[Given records]
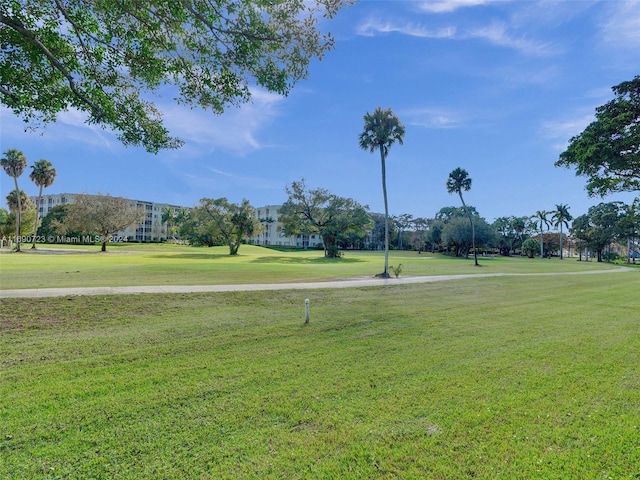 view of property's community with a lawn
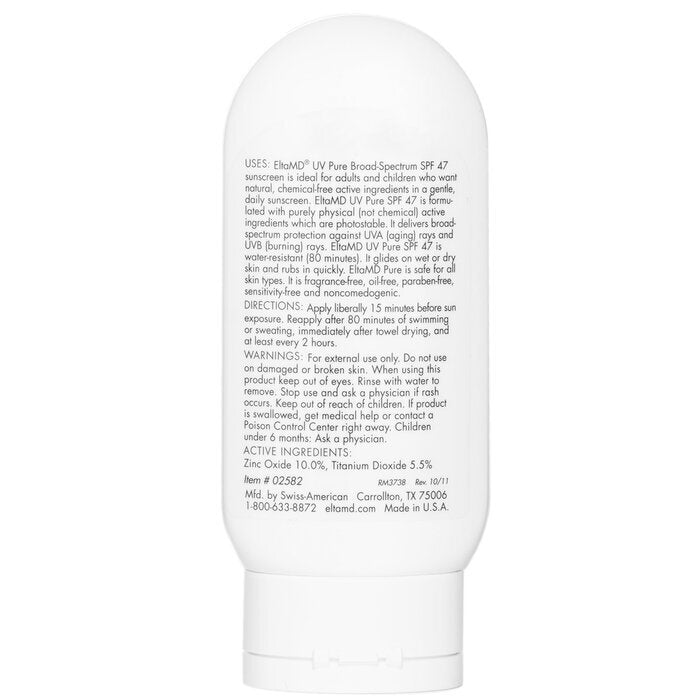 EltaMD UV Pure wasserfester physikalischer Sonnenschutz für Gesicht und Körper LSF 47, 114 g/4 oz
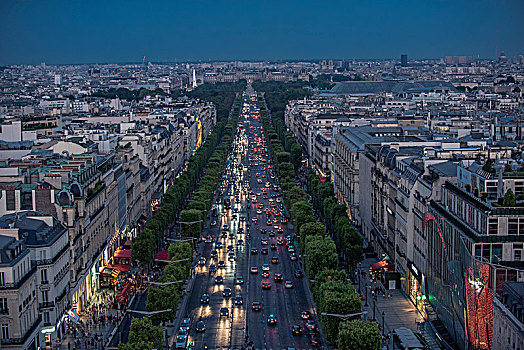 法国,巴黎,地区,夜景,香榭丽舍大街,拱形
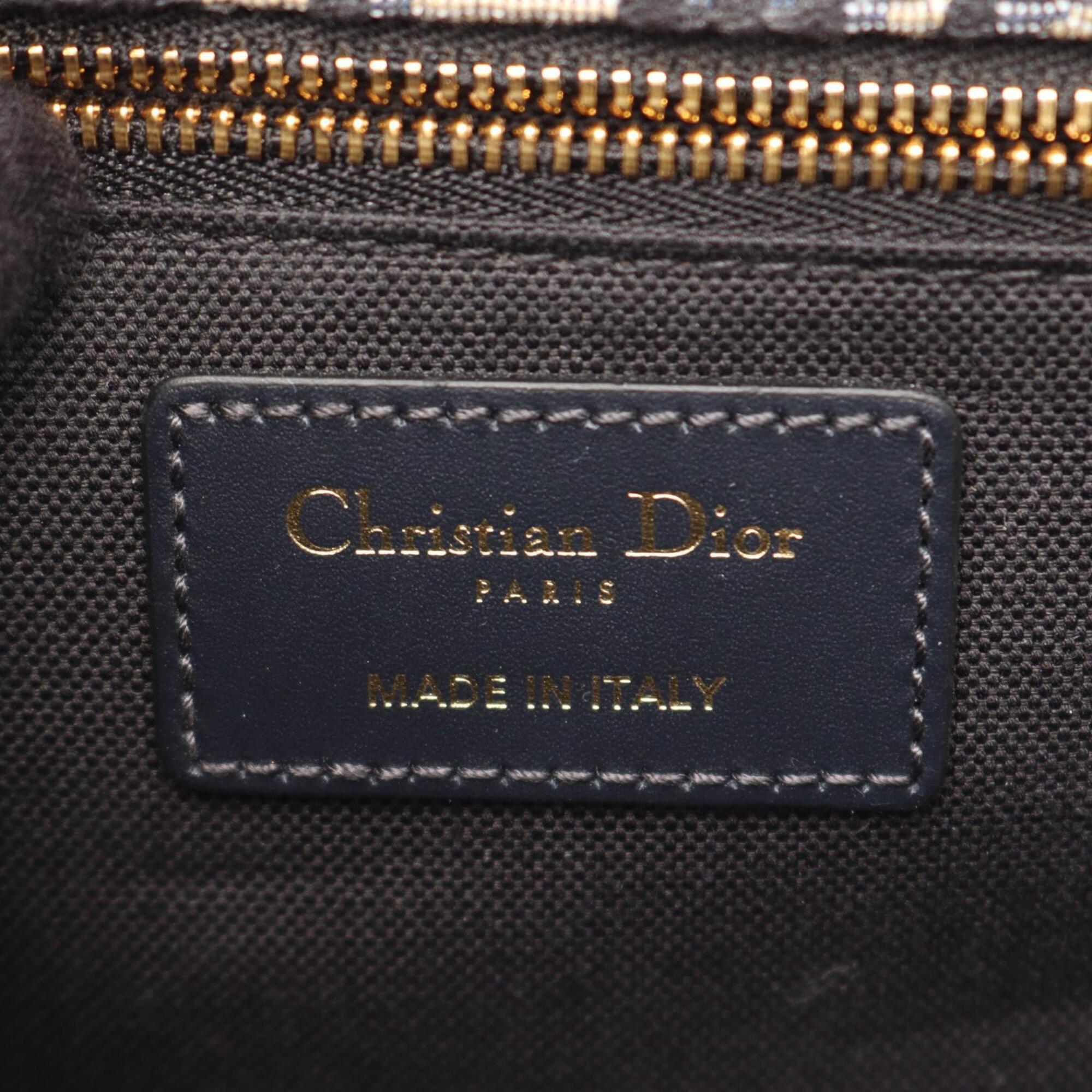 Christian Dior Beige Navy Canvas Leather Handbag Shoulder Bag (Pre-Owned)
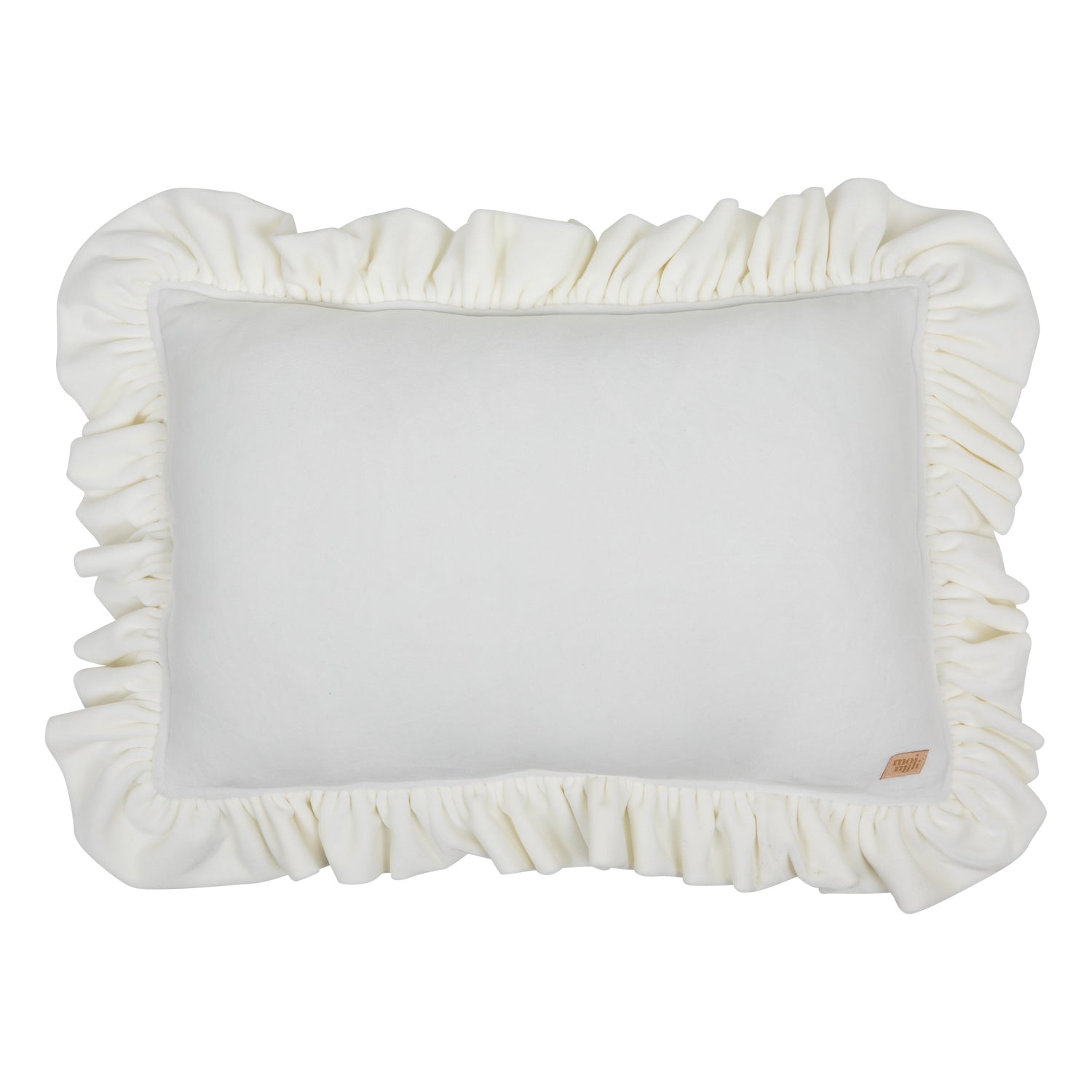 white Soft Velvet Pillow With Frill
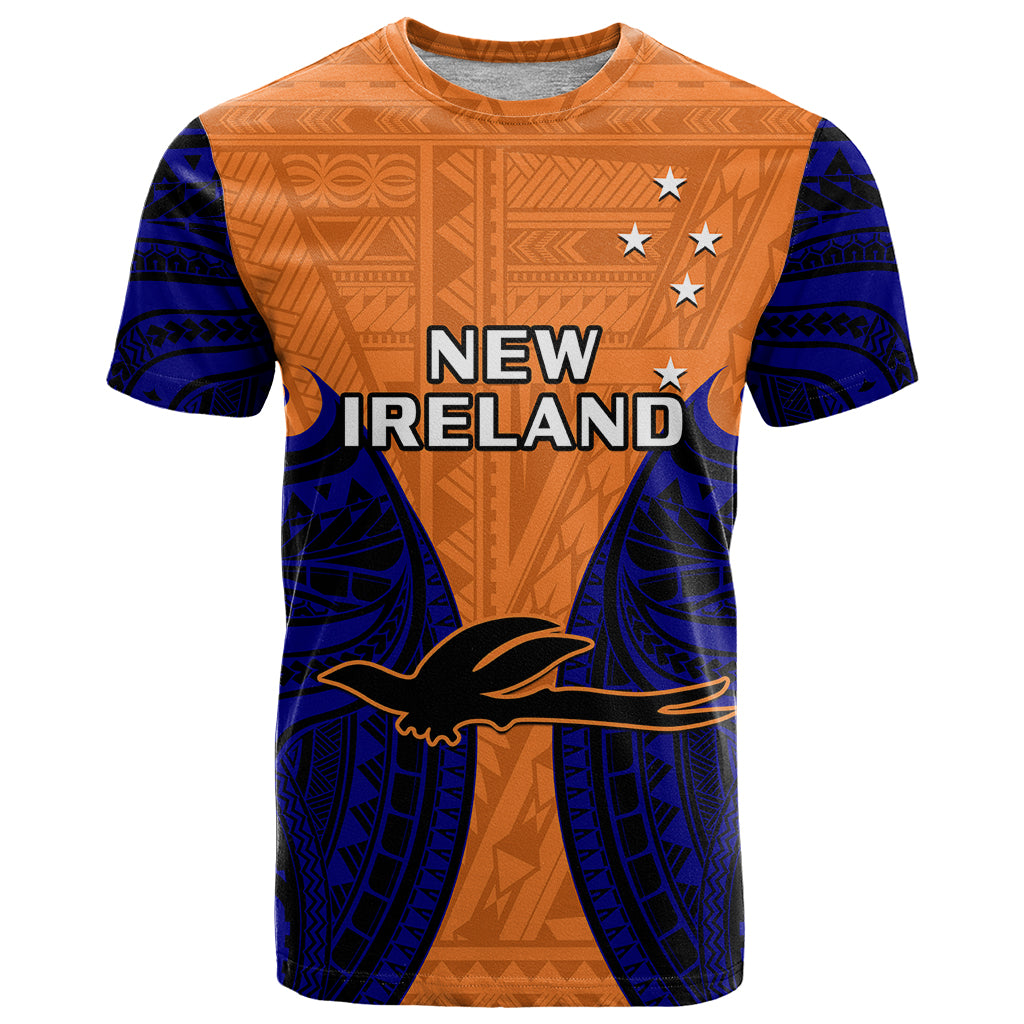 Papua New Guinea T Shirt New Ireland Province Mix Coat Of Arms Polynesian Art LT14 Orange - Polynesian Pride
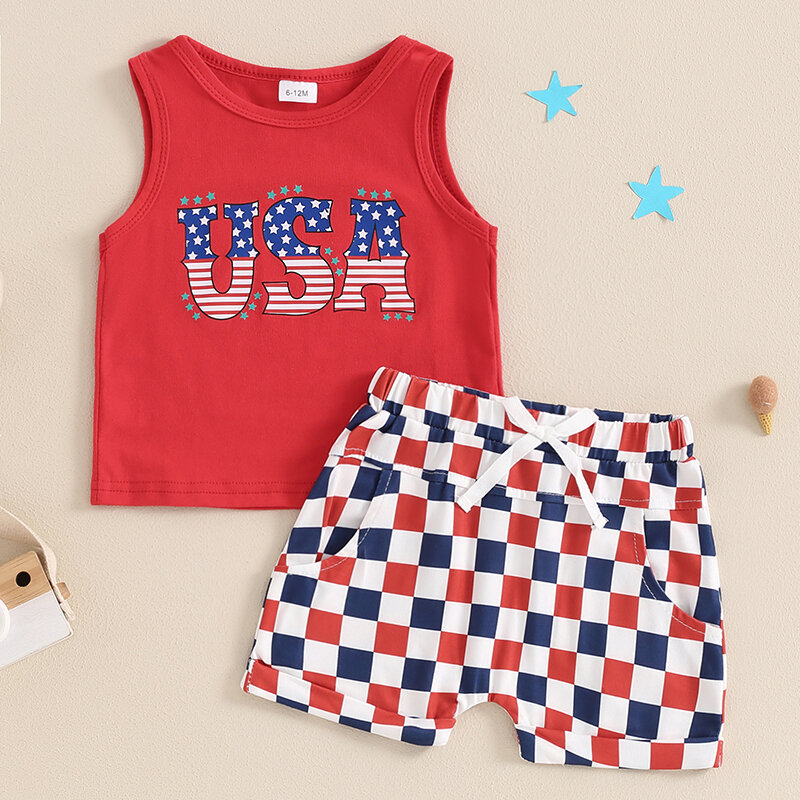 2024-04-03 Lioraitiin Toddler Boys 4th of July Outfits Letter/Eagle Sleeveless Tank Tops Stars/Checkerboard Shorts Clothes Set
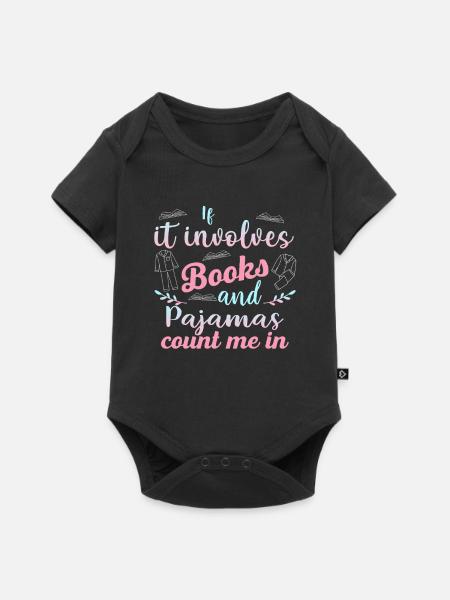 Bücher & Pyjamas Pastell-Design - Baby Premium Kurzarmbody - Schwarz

[Work to be completed] Every line from the one containing "法国,巴黎,地区,夜景,香榭丽舍大街,拱形" through the last line of the records is to be reproduced exactly, with pictures left out and nothing else given.

[Answer to the problem]
 法国,巴黎,地区,夜景,香榭丽舍大街,拱形
 Christian Dior Beige Navy Canvas Leather Handbag Shoulder Bag (Pre-Owned)
 white Soft Velvet Pillow With Frill
 Papua New Guinea T Shirt New Ireland Province Mix Coat Of Arms Polynesian Art LT14 Orange - Polynesian Pride
 2024-04-03 Lioraitiin Toddler Boys 4th of July Outfits Letter/Eagle Sleeveless Tank Tops Stars/Checkerboard Shorts Clothes Set
 Bücher & Pyjamas Pastell-Design - Baby Premium Kurzarmbody - Schwarz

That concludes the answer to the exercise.